Newscast for Thursday, March 7, 2013
- Year: 2013
- Length: 29:09 minutes (26.7 MB)
- Format: MP3 Mono 44kHz 128Kbps (CBR)
In Syria, opposition forces that captured 21 UN troops near the Golan Heights said today that they would release them, but only after President Bashar al Assad’s military stopped airstrikes and left the area. According to Reuters, an official with the rebel group Martyrs of Yarmouk, made the statement following the capture of the 21 Filipino troops near the village of Jamla yesterday. The UN has condemned the capture and called for their immediate release. As fighting continues throughout Syria, medical staff with Doctors Without Borders said the lack of adequate health services makes the situation “catastrophic” for residents. Medical staff are being targeted and in some instances killed. Christopher Stokes, general director for Doctors without Borders in Belgium, said in a teleconference with reporters today that many of the sites that used to provide health services have been attacked and looted both by government forces and opposition groups. As a result, healthcare has had to go underground.
“We’ve seen a dentist perform a minor surgery, we’ve seen pharmacists provide healthcare. We’ve seen in one case blood transfusions that were not even tested, resulting in the death of the patient, so the patients are given the wrong blood type, so the most basic level of health care are not available in vast areas of the country.” Stokes said much of the capacity of Syria to produce vital medicines has also been destroyed. Audrey Landemann, MSF project coordinator in Syria, said that though most patients who reach their hospital in the north need surgeries due to shootings and explosions, basic care is also a great need.
“One diabetic patient can look for insulin in a lot of places, but will not find the insulin or if he finds insulin, it will cost him around 25 or 30 dollars for one vial of insulin. People with cancers get no treatments and don’t know where to go to get their treatment. People are coming also looking for baby milk or just for flour to do bread.”
Access to reliable information from within the country has also made international response slow, say activists. Dr. Mouna Ghanem works with the activist group Syrian Women Making Peace in Damascus. She told UN Radio that the international media has not been doing a good job in reporting the conflict accurately or neutrally.
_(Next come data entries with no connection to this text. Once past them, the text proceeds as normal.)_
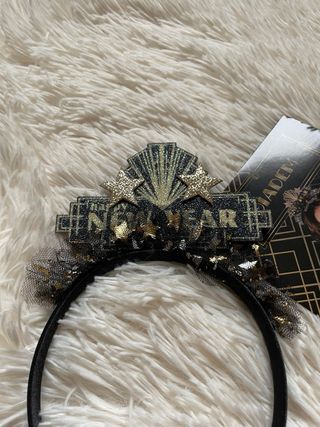 Cerchietto nero e oro con scritta “New Year”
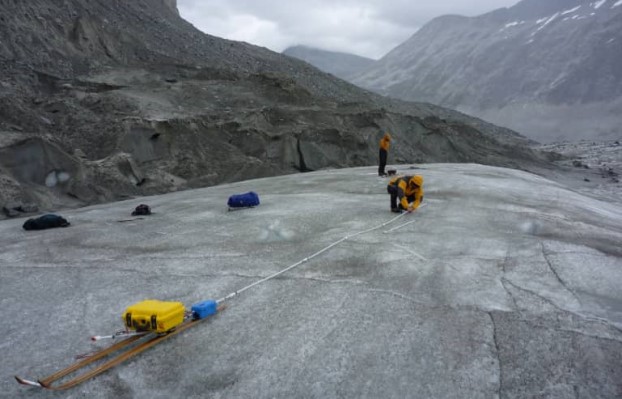 Researchers use a dual frequency penetrating radar on the Fantail Glacier to determine ice mass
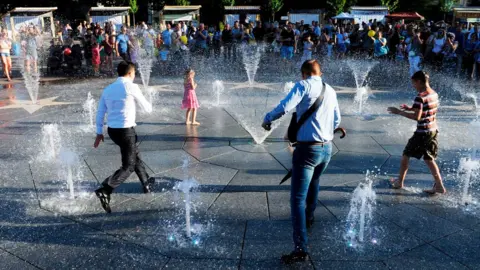 Getty Images President Volodymyr Zelensky (L) and children refresh themselves in a fountain during his first official visit to Mariupol on 15 June 2019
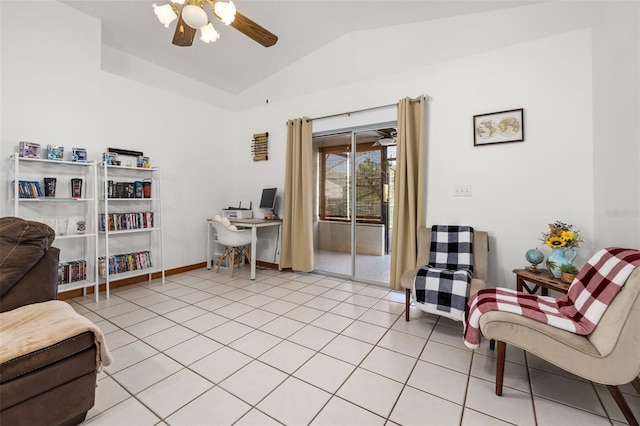 home office with vaulted ceiling, a ceiling fan, light tile patterned flooring, and baseboards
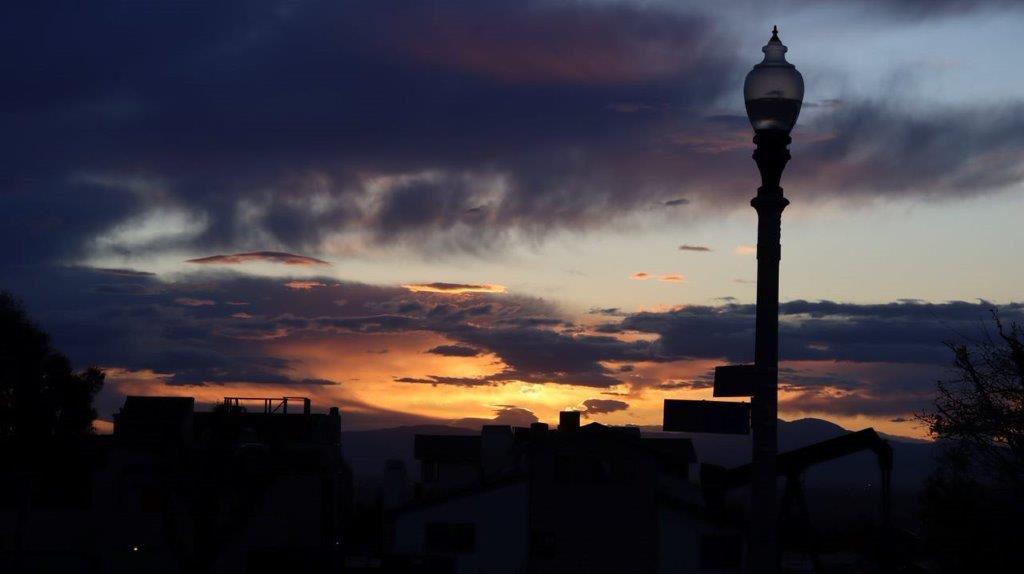 A street light and a sunset

Description automatically generated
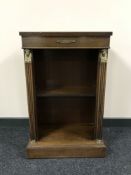 A Chapmans Siesta mahogany open dwarf bookshelf with gilt mounts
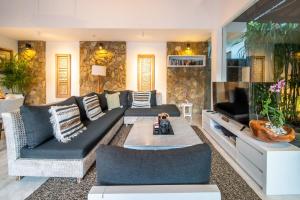 塞米亚克Lotus Luxury Villa Seminyak的带沙发和电视的客厅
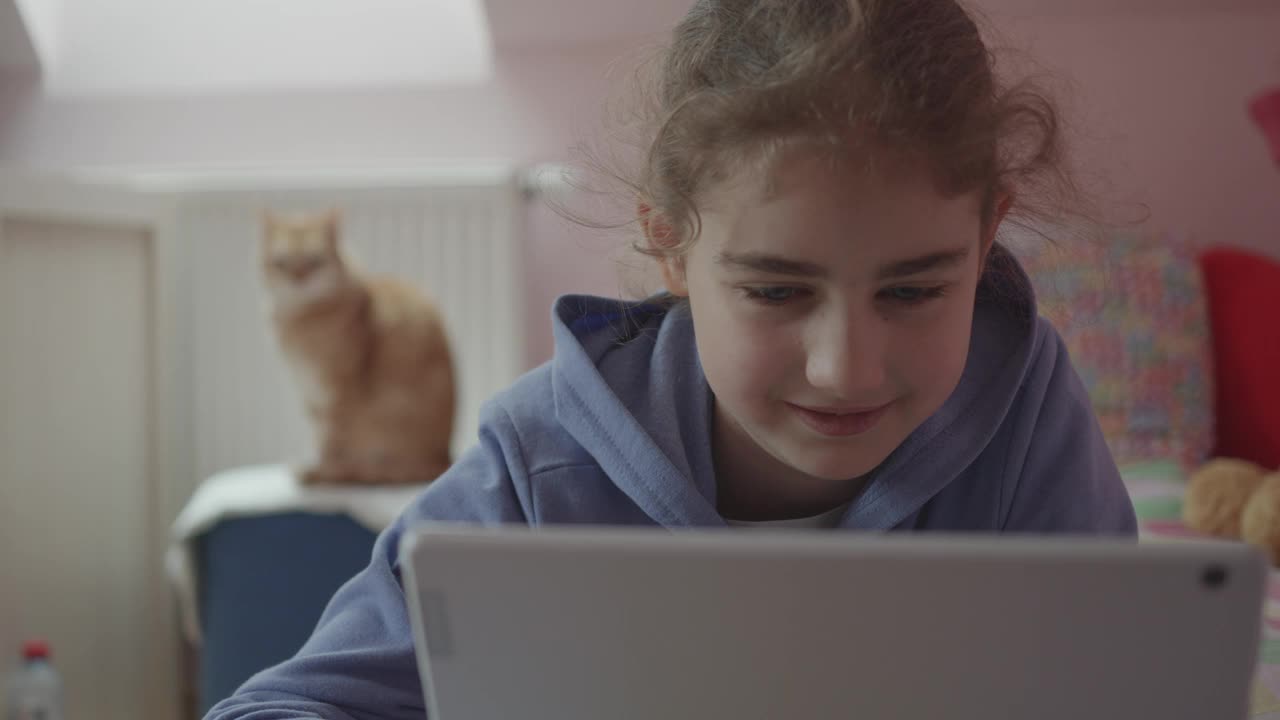 孩子在家用平板电脑上网聊天。女孩在卧室的床上用数码平板电脑看在线视频社交媒体。儿童对社会网络的依赖不健康的生活方式视频素材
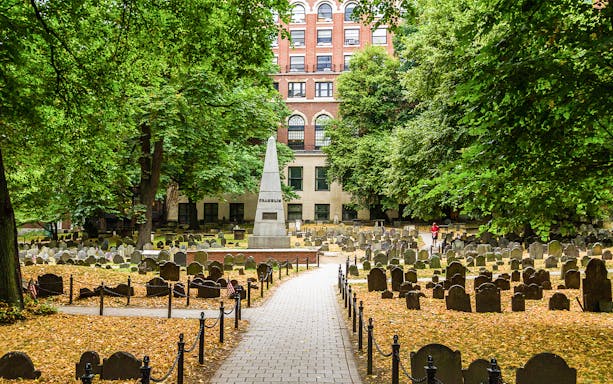 Granary Burying Ground in Boston with historic gravestones and Franklin monument.
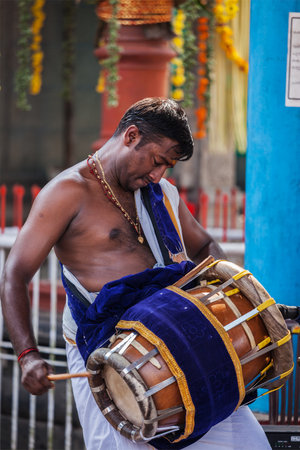 KOCHI, INDIA - FEBRUARY 24, 2013: Indian man playing drum during temple festival in Keralaのeditorial素材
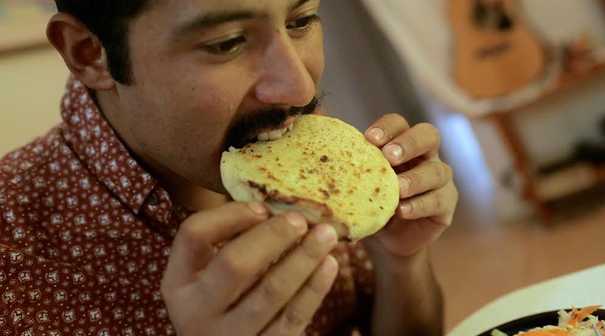 Rodriguez eating pupusas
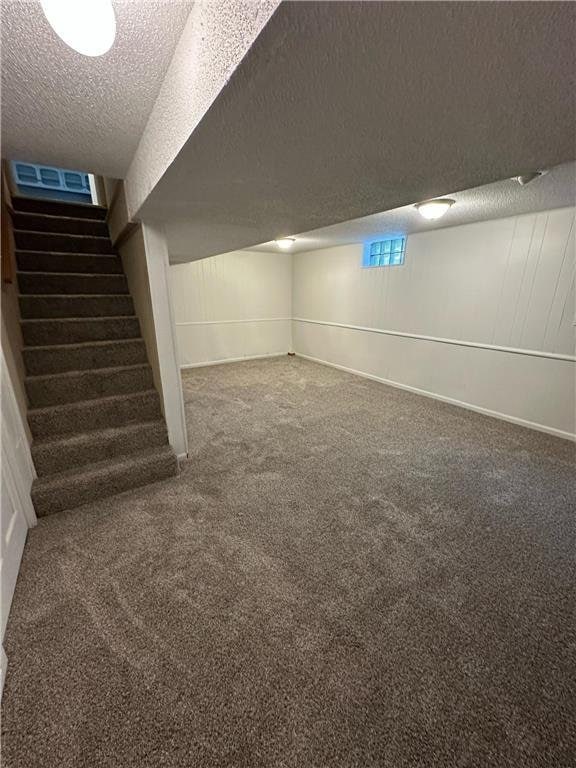 332 E Pleasant Ave, Ellsworth, WI 54011 - finished below grade area featuring a textured ceiling, stairs, and carpet floors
“We know that lots of violence has been exercised by the regime and we know that there was a counter violence, but the international media they didn’t play the neutral role. On the contrary, they encouraged people to use violence, they promote the personalities who commit violence as the victors as the heroes, so I think this is not the right role of the media.”
Ghanem, who is on tour in the US with a group of women from the region, said that change must come from within the country and must include people from across the political spectrum.
UNICEF calls for halt to arrests, detention of youth by Israeli military
Israeli troops have arrested thousands of Palestinian children during the past decade -- now the United Nations Children's Fund, UNICEF, is calling for an immediate halt to practices they say violate international human rights law.This week some of those arrests continued in heavily militarized night raids in the West Bank. FSRN’s Ghassan Bannoura has more.
In Venezuela, a seven-day mourning period for President Hugo Chavez began today as tens of thousands filled the streets of the capital, Caracas. Many expressed passionate responses about the loss of Chavez, who led the country for nearly 15 years. Audio and translation from Al Jazeera. New details came out today on the cause of Chavez’ death. A presidential guard told AP that Chavez died of a massive heart attack Tuesday after a long fight against cancer. Despite a US-supported coup attempt to remove him from power, Chavez served multiple terms and became a powerful figure in South America, ushering in a slate of social programs and a check on foreign influence, most notably on Venezuela’s vast oil resources. For more, we’re joined by investigative journalist Greg Palast, who reported frequently on Hugo Chavez and Venezuela. His video report, The Assassination of Hugo Chavez, which aired on the BBC, explored the often contentious US relationship with the late President.
The House of Representatives passed a bill this week to keep funding the government through September, averting a possible shutdown at the end of this month. But Democrats in the House and Senate are criticizing the measure, for keeping the deep budget cuts triggered last week, and for protecting the military’s budget at the expense of social programs. As President Obama holds more meetings with Republican lawmakers about a more sweeping budget plan, progressive economists and lawmakers are mobilizing to defend programs that support the most vulnerable people in the country. On Capitol Hill, FSRN’s Alice Ollstein reports.
On Tuesday the board of directors of Free Speech Radio News announced that the show will go off the air on March 15th unless $35,000 is raised. KGNU’s Maeve Conran reports.